START EXERCISE DATA

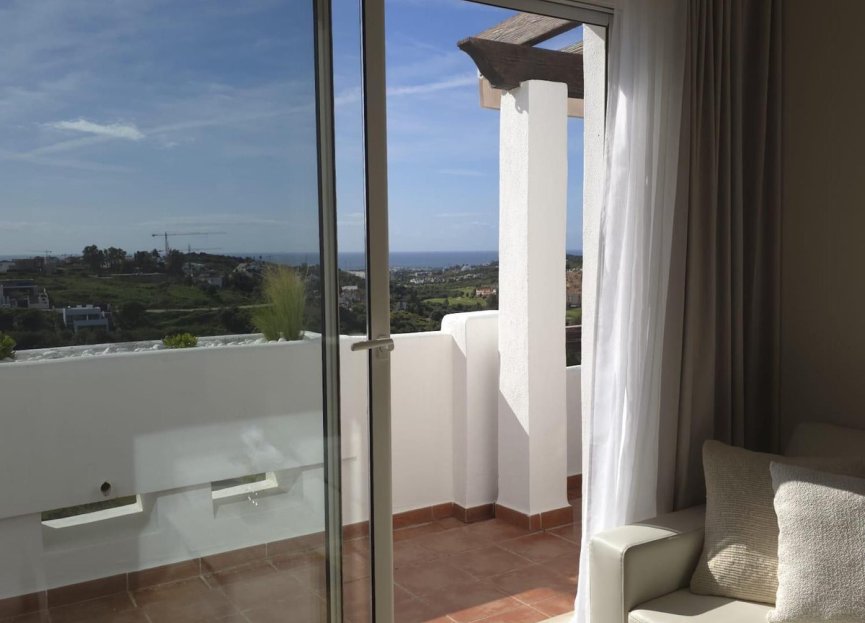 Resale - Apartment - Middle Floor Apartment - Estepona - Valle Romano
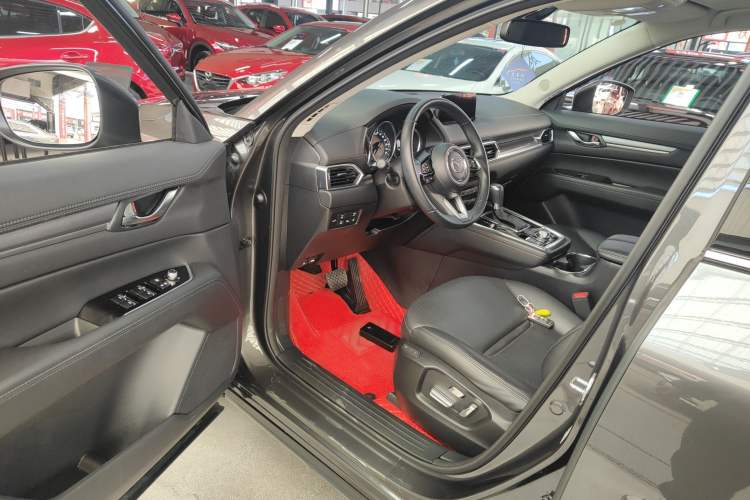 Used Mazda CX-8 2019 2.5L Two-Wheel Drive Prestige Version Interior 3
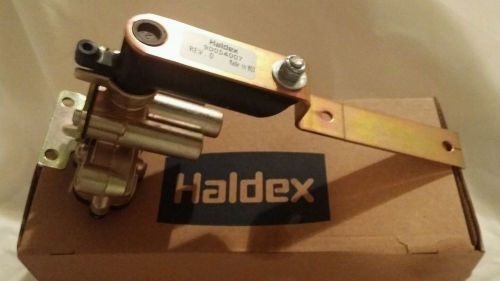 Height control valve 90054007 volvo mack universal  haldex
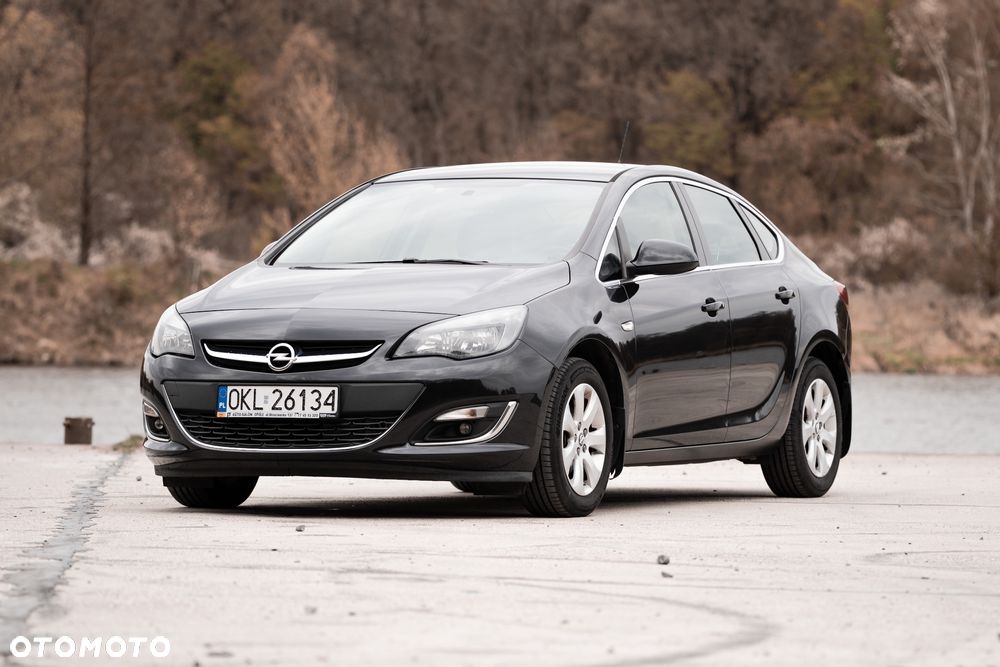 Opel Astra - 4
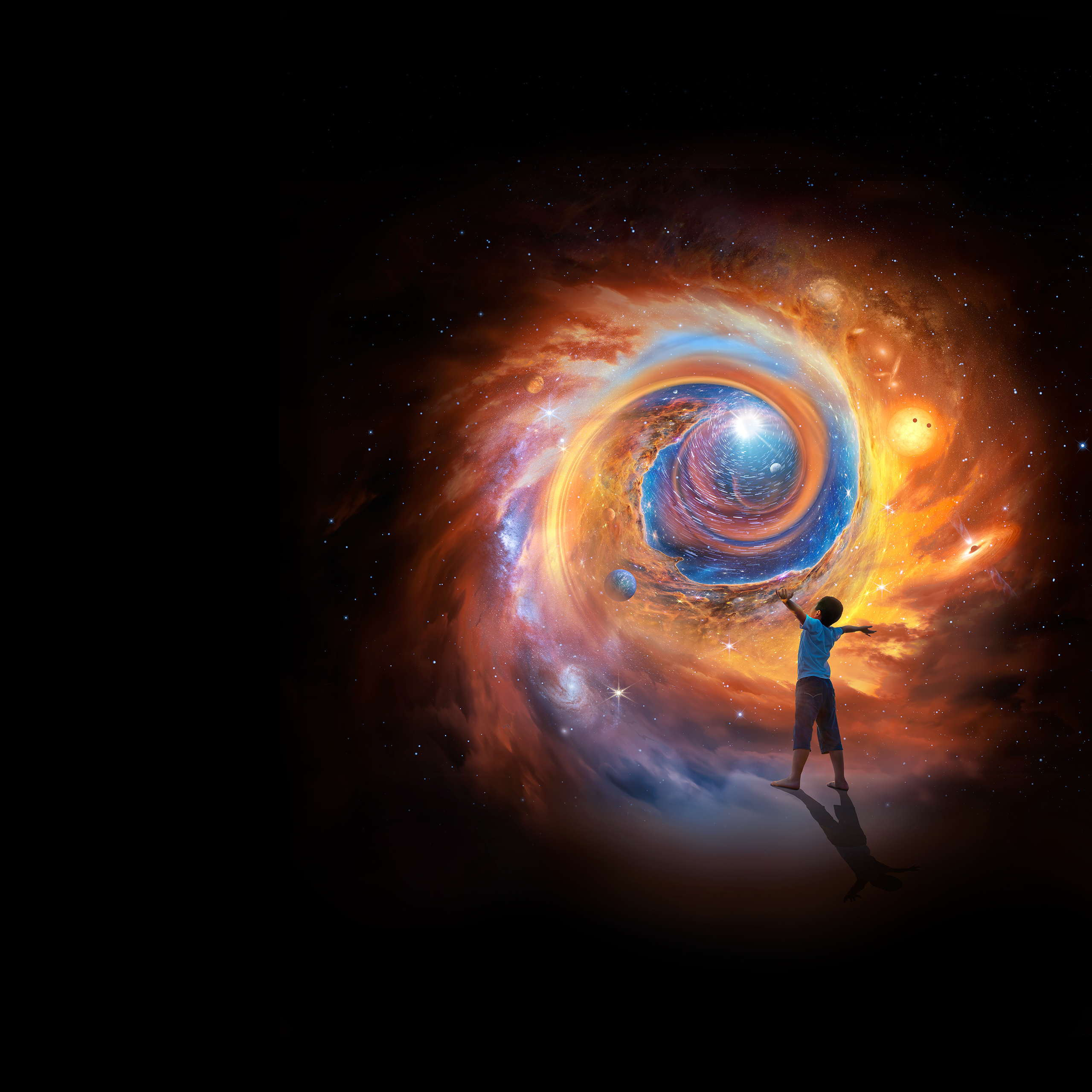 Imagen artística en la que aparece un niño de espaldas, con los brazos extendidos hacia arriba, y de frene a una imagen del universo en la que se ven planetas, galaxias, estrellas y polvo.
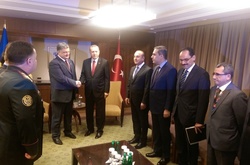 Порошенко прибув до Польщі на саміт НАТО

END EXERCISE DATA
START EXERCISE DATA

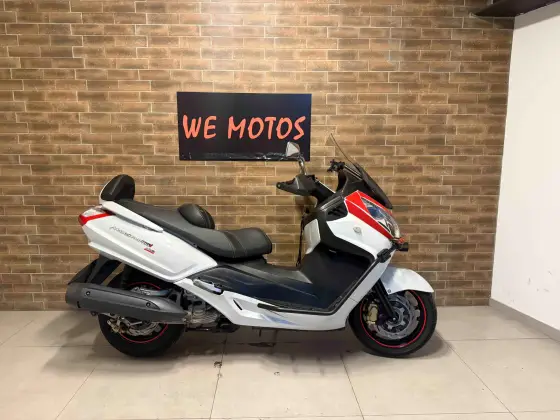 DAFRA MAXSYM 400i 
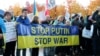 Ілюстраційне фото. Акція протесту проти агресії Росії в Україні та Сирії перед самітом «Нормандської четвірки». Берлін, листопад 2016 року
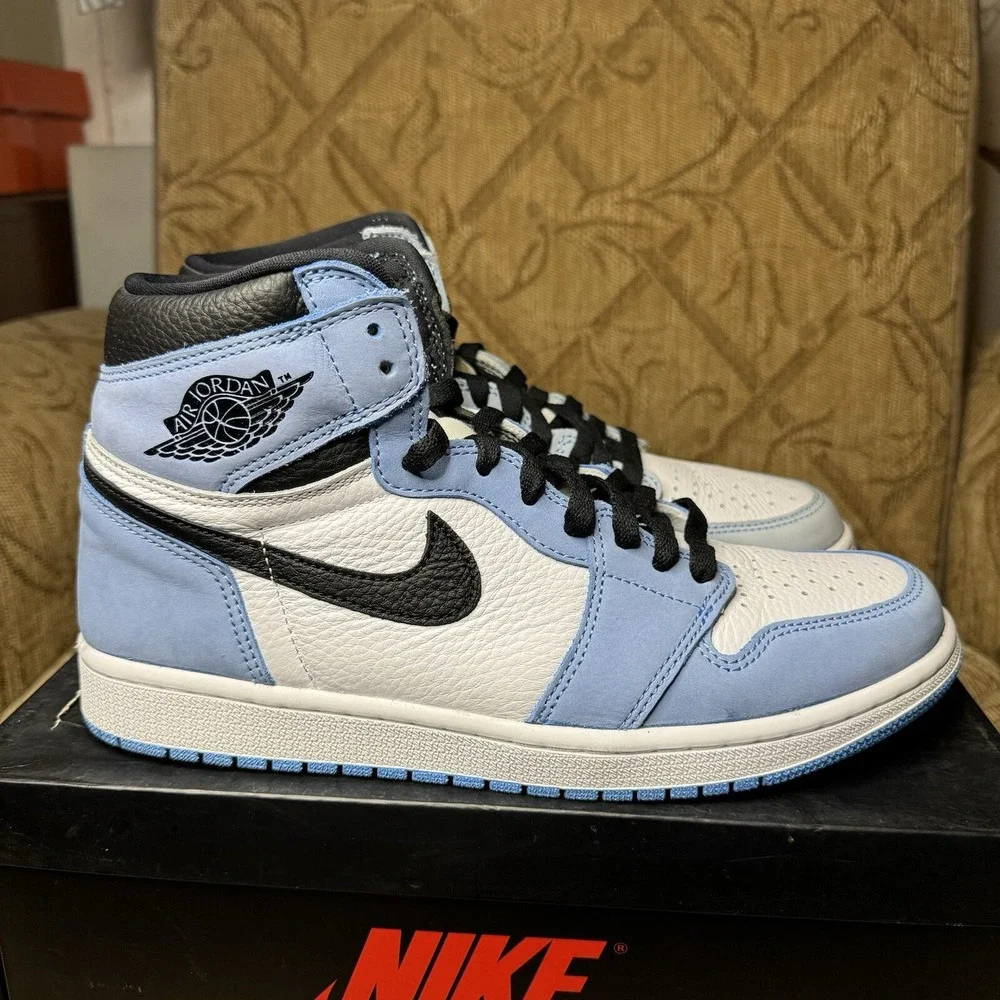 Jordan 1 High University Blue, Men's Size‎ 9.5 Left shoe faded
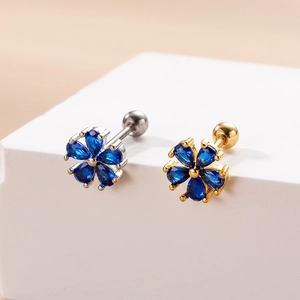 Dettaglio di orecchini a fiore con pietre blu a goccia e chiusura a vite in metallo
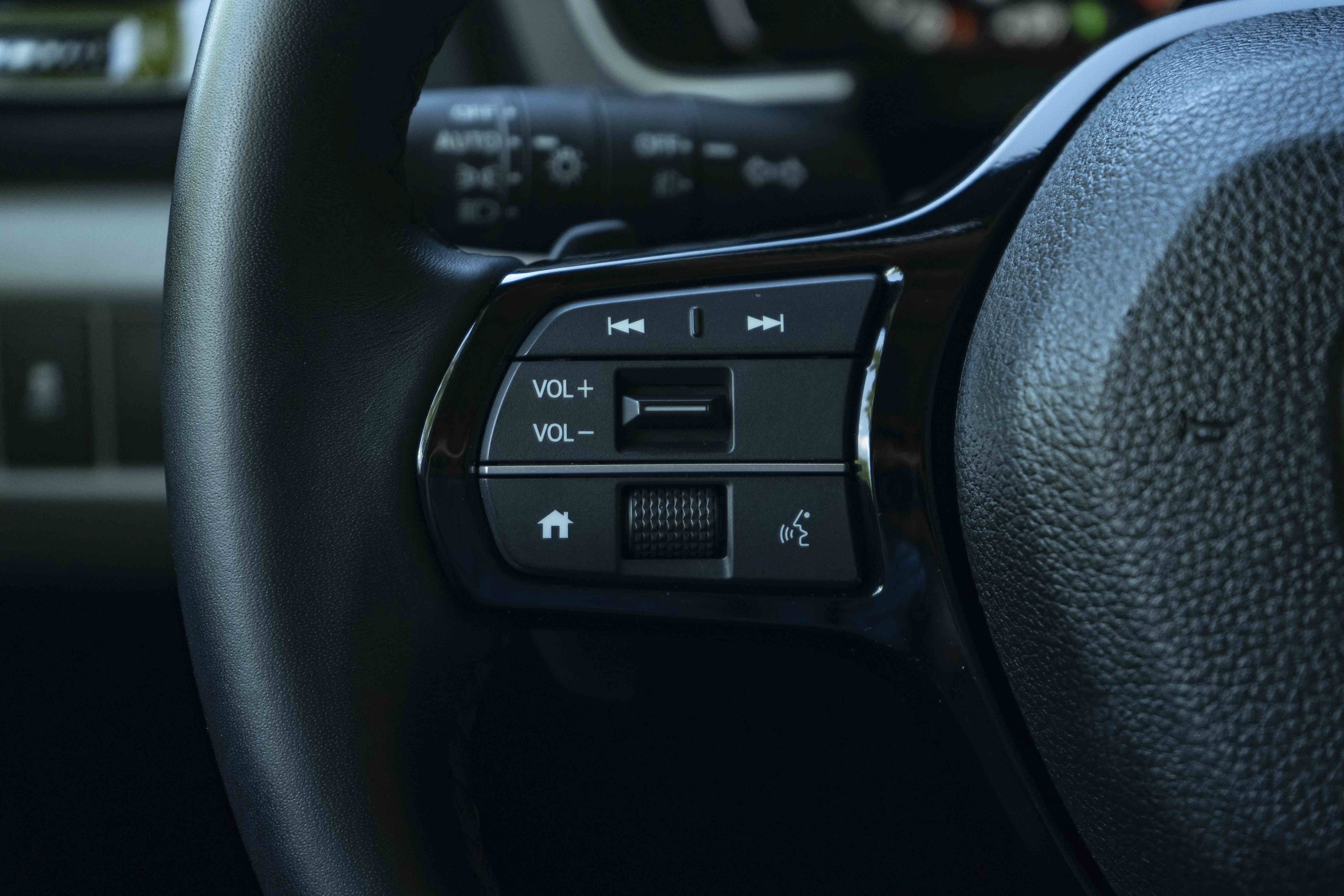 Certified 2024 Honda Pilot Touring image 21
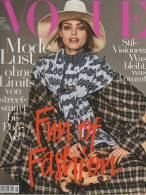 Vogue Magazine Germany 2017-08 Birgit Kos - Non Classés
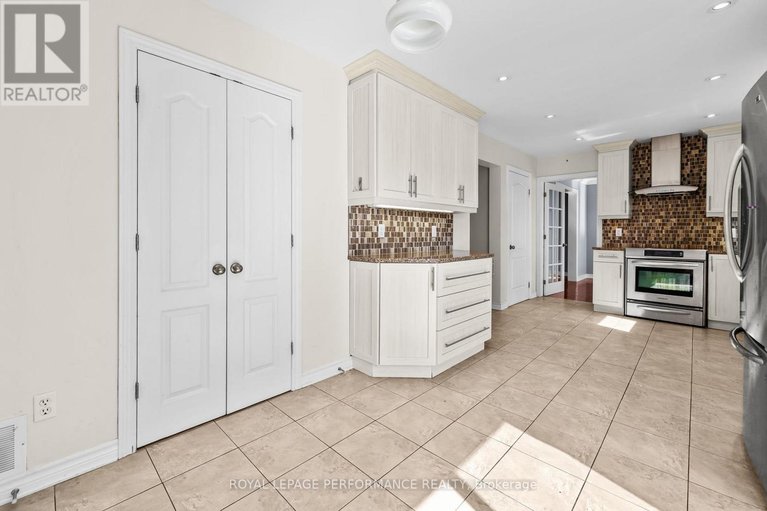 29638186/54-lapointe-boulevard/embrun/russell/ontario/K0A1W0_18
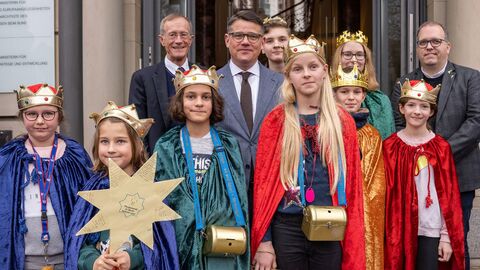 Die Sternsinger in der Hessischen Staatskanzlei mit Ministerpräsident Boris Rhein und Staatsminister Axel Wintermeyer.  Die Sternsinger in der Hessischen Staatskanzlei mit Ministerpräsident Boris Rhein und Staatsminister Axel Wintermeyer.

END EXERCISE DATA
START EXERCISE DATA

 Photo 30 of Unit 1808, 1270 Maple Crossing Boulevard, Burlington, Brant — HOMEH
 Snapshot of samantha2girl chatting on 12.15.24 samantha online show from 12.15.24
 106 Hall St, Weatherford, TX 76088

END EXERCISE DATA

ASSIGNMENT.
Look above for the line with "Certified 2024 Honda Pilot Touring image 21", then give again exactly every line from there through the line with "29638186/54-lapointe-boulevard/embrun/russell/ontario/K0A1W0_18", skipping the pictures.

RESULT OF THIS EXERCISE.
 Certified 2024 Honda Pilot Touring image 21
 Vogue Magazine Germany 2017-08 Birgit Kos - Non Classés
 29638186/54-lapointe-boulevard/embrun/russell/ontario/K0A1W0_18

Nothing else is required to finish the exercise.